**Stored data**
((
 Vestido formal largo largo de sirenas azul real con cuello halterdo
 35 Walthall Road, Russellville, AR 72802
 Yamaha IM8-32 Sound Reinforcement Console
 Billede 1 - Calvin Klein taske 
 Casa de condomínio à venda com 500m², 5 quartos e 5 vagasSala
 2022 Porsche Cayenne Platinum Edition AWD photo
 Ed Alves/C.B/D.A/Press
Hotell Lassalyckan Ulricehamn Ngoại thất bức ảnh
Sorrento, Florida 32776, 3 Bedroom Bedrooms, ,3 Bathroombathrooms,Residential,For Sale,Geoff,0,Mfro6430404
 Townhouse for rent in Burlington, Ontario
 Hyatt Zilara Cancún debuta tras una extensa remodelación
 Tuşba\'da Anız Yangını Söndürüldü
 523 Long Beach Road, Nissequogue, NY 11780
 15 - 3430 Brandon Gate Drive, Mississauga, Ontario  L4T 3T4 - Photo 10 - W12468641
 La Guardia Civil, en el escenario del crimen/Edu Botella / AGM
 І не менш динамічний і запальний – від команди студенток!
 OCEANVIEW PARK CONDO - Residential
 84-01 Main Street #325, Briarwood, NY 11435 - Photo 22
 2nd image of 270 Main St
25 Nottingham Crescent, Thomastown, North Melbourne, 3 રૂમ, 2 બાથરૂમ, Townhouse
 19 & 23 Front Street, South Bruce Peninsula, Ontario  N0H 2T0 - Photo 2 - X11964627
))
**To do**
Which of the lines above hold the string "Road"? Copy each one.

**Answer space**
 35 Walthall Road, Russellville, AR 72802
 523 Long Beach Road, Nissequogue, NY 11780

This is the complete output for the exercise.